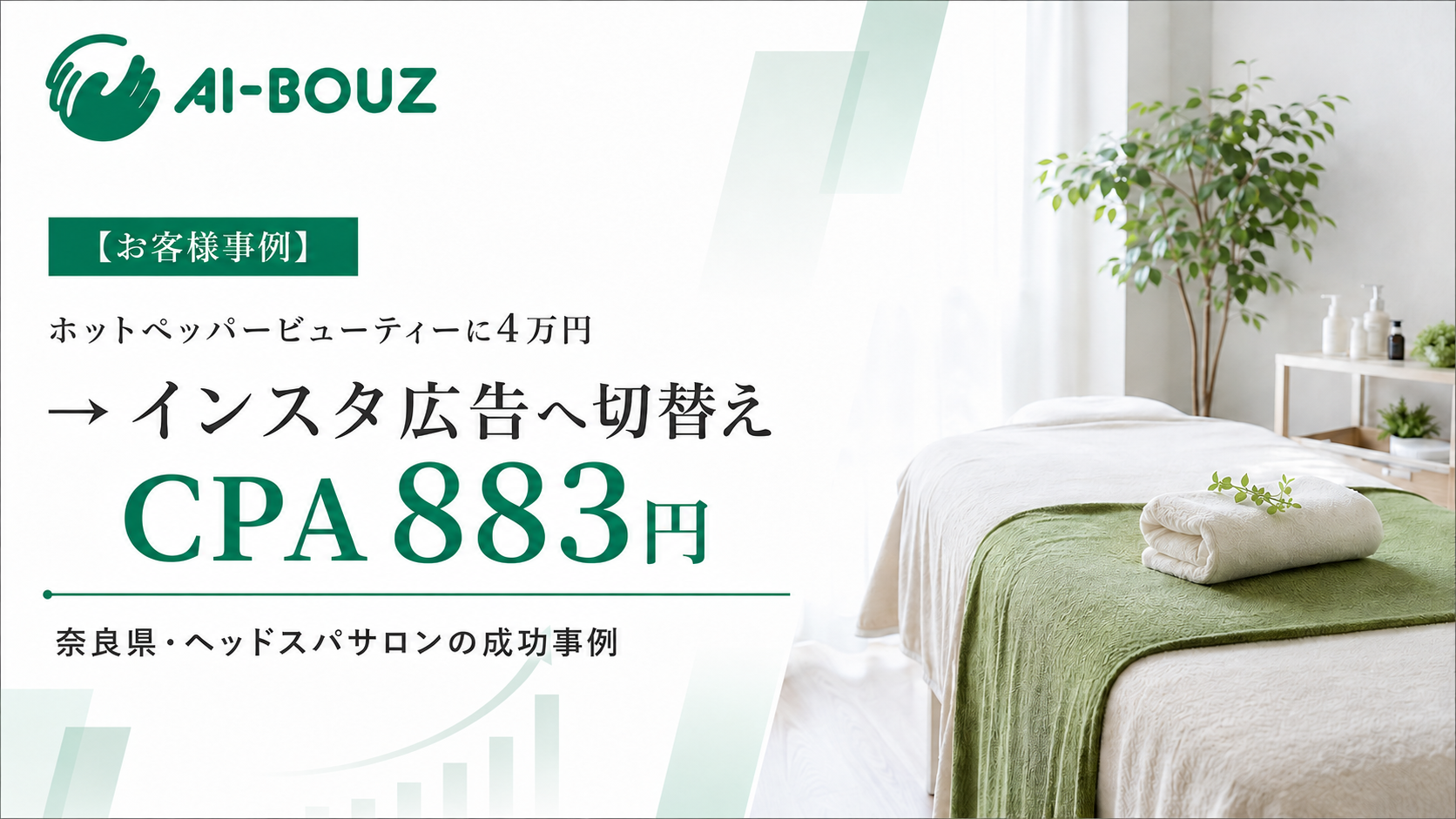 【AI-BOUZ お客様事例】CPA883円・3ヶ月半で新規78人。ホットペッパーの月4万4,000円を広告へ切り替えて成功した奈良・ヘッドスパサロン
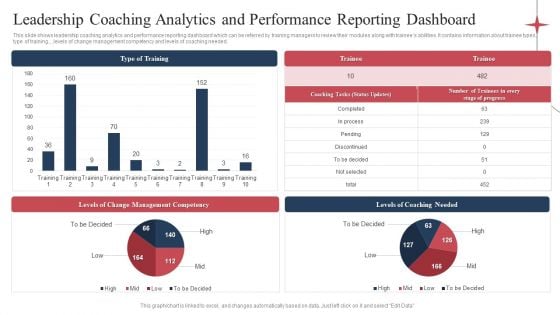 Leadership Coaching Analytics And Performance Reporting Dashboard Demonstration PDF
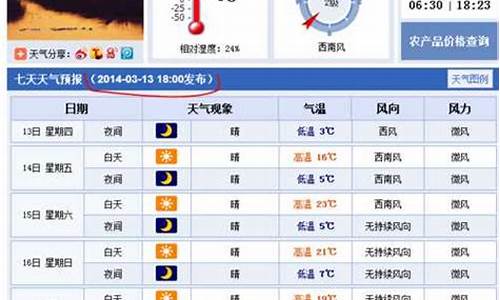 衡水天气预报一周15_天气预报15天衡水查询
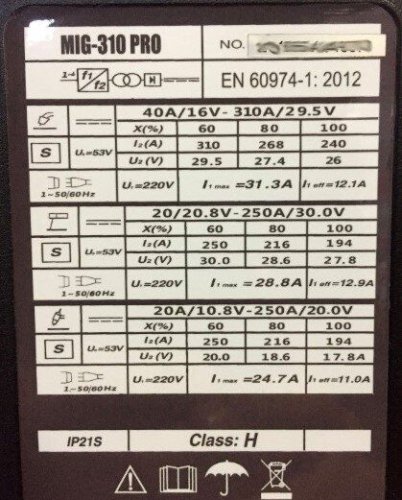 Сварочный полуавтомат Kaiser MIG-310 PRO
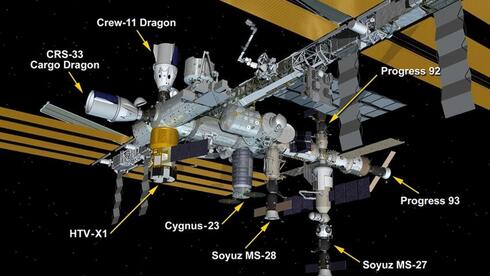 גם בחלל קשה למצוא חניה. תחנת החלל הבינלאומית עם שמונה החלליות שעוגנות בה 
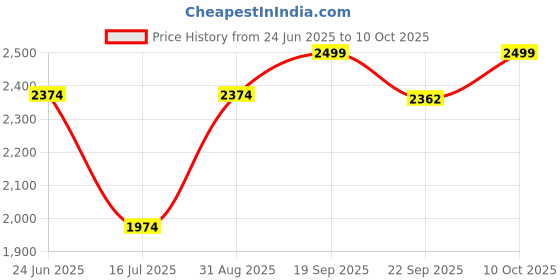 myntra.com JULEE Ready to Wear Art Silk Jacquard Lehenga & Unstitched Blouse With Dupatta julee Price History Graph from 24 Jun 2025 to 9 Oct 2025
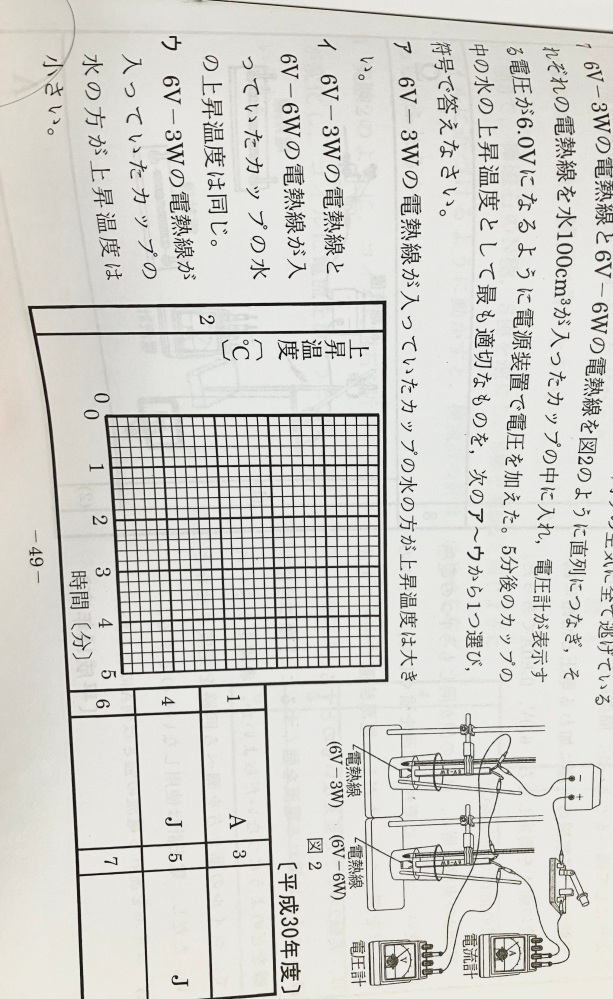 この問題、答えはアになるのですが、解説を読んでもわかりません。 解説では6V−3Wの方が加わる電圧が大きいため消費する電力も大きくなるから、と書かれているのですが、問題を見ると電圧が6Vと書かれているためなぜ電圧が大きくなるのかわかりません。解説して欲しいです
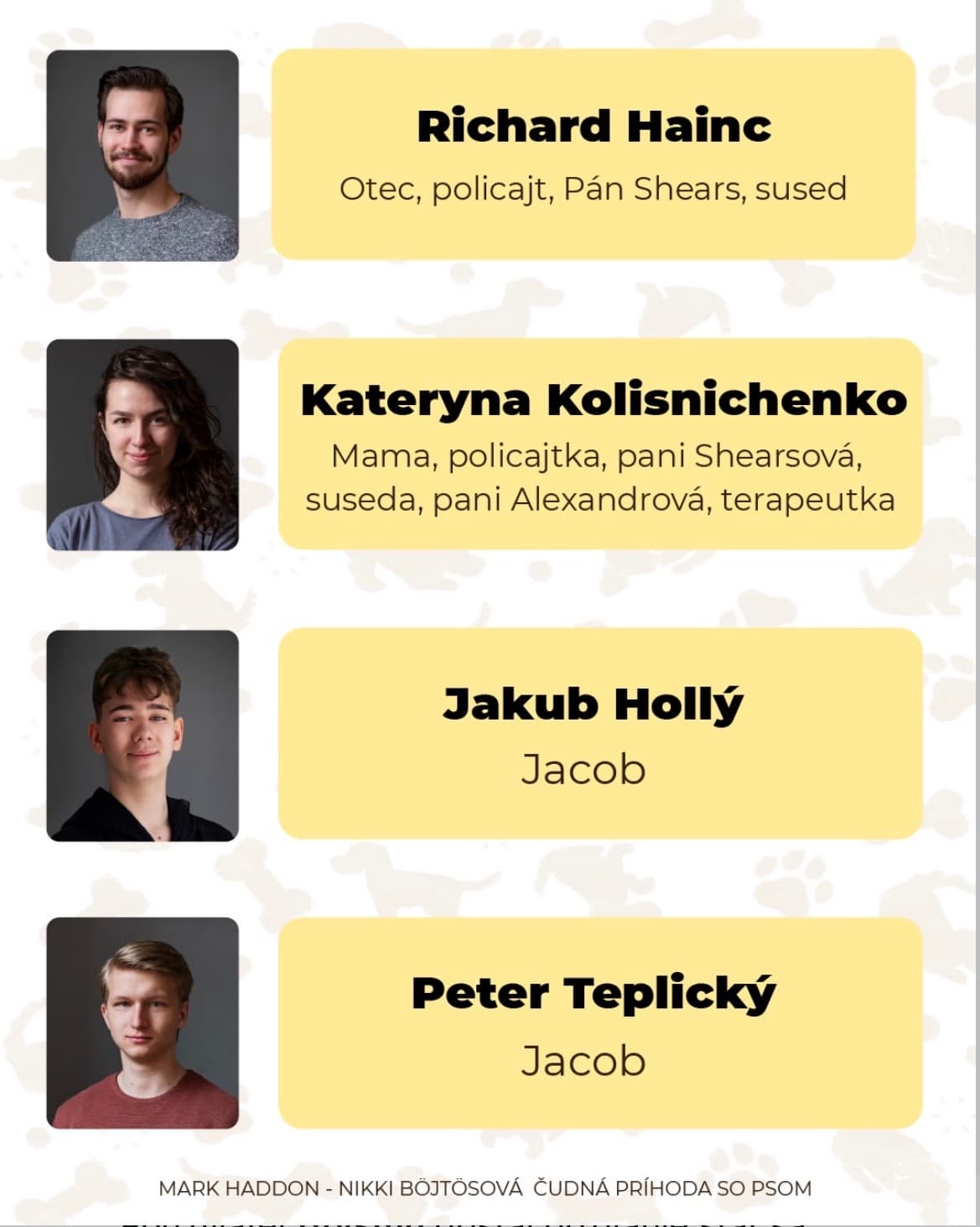 Grafika s hercami inscenácie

▶ _INSTRUCTIONS TO FOLLOW_:
Would you give again exactly the lines from the line containing "גם בחלל קשה" through the end of the listing, both ends included, without any pictures?

▶ _SOLUTION TO THIS EXERCISE_:
 גם בחלל קשה למצוא חניה. תחנת החלל הבינלאומית עם שמונה החלליות שעוגנות בה 
 myntra.com JULEE Ready to Wear Art Silk Jacquard Lehenga & Unstitched Blouse With Dupatta julee Price History Graph from 24 Jun 2025 to 9 Oct 2025
 この問題、答えはアになるのですが、解説を読んでもわかりません。 解説では6V−3Wの方が加わる電圧が大きいため消費する電力も大きくなるから、と書かれているのですが、問題を見ると電圧が6Vと書かれているためなぜ電圧が大きくなるのかわかりません。解説して欲しいです
 Grafika s hercami inscenácie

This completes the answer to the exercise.